In our concurrently filed opinion, Sandoval v. Yates, No. 13-71784 at 18, we held § 475.992(l)(a) is not an aggravated felony because it punishes solicitation in addition to actual or attempted delivery of controlled substances. But Guinto did not raise this argument before the BIA. Thus, the question is whether we have jurisdiction to apply our holding in Sandoval to Guinto’s case.

Under 8 U.S.C. § 1252(d)(1), “[a] court may review a final order of removal only if—(1) the alien has exhausted all administrative remedies available to the alien as of right.” Although it is not necessary.for a petitioner to raise his “precise argument” in administrative proceedings to exhaust his remedies, he must do more than make a “general challenge to the IJ’s decision.” Alvarado v. Holder, 759 F.3d 1121, 1128 (9th Cir. 2014) (internal quotation marks omitted); see also Rendon v. Mukasey, 520 F.3d 967, 972 (9th Cir. 2008). Petitioners must “specify which issues form the basis of the appeal,” Alvarado, 759 F.3d at 1128 *723 (internal quotation marks omitted), and the BIA is entitled to rely upon the petitioner’s brief to identify these issues, see Abebe v. Mukasey, 554 F.3d 1203, 1208 (9th Cir. 2009) (en banc).

Nevertheless, a petitioner “need only exhaust all administrative remedies available ‘as of right’ Alvarado, 759 F.3d at 1128 (quoting Sun v. Ashcroft, 370 F.3d 932, 941 (9th Cir. 2004)). “A remedy is available as of right only when the agency can ‘give unencumbered consideration to whether relief should be granted,”’ id. (quoting Sun, 370 F.3d at 942); entirely foreclosed issues are not unencumbered, see id. The BIA is foreclosed from reconsidering legal issues outside the BIA’s authority—such as the interpretation of state criminal statutes—decided by federal appellate courts.
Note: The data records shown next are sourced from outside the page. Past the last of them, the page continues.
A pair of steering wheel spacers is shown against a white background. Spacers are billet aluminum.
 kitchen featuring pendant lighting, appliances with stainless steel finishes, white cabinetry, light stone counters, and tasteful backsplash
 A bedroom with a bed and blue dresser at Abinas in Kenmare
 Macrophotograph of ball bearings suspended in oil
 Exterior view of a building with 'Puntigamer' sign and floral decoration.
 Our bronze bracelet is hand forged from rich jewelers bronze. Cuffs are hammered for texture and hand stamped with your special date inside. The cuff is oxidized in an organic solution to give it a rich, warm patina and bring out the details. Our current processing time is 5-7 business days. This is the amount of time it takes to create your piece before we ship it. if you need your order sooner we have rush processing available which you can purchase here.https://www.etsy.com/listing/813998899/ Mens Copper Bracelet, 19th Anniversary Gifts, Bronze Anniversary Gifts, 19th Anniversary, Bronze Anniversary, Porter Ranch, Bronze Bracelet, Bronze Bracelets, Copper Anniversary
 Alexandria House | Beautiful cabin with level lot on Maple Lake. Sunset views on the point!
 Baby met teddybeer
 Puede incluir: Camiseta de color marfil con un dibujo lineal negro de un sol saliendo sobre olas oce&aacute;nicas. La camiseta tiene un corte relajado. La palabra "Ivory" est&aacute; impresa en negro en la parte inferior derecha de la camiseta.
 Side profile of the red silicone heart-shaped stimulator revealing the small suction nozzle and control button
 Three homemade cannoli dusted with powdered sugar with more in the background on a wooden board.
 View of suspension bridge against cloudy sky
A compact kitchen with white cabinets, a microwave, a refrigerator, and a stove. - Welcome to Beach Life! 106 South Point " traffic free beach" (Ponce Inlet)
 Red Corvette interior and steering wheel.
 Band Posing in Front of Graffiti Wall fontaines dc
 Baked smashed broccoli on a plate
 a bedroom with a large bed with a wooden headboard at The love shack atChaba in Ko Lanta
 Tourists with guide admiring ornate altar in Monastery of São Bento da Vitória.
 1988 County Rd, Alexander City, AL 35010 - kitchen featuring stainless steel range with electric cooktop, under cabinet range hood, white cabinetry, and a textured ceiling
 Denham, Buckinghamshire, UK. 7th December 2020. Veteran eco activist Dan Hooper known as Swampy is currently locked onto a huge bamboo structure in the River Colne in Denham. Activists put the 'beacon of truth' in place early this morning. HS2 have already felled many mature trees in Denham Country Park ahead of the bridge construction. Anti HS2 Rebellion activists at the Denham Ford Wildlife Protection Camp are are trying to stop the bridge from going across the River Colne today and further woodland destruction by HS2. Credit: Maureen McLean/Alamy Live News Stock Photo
See id. at 1128-29.

At the time of Guinto’s BIA appeal, the Ninth Circuit did not require a finding of divisibility before applying the modified categorical approach to determine whether a state conviction was an aggravated felony. See Lopez-Valencia v. Lynch, 798 F.3d 863, 868 (9th Cir. 2015); see also United States v. Aguila-Montes de Oca, 655 F.3d 915 (9th Cir. 2011) (en banc), abrogated by Descamps v. United States, — U.S. —, 133 S.Ct. 2276, 2283, 186 L.Ed.2d 438 (2013). Under this precedent, Guinto’s conviction qualified as an aggravated felony under the modified categorical approach. 1 The IJ simply considered Guinto’s record of conviction to conclude he had been con-vieted of an aggravated felony, and the BIA did not disagree -with this method. This was entirely consistent with Ninth Circuit precedent at the time. See, e.g., United States v. Chavaria-Angel, 323 F.3d 1172, 1177-78 (9th Cir. 2003) (applying the modified categorical approach to a conviction under § 475.992 to conclude a defendant was convicted of an aggravated felony because he admitted to selling controlled substances in his record of conviction).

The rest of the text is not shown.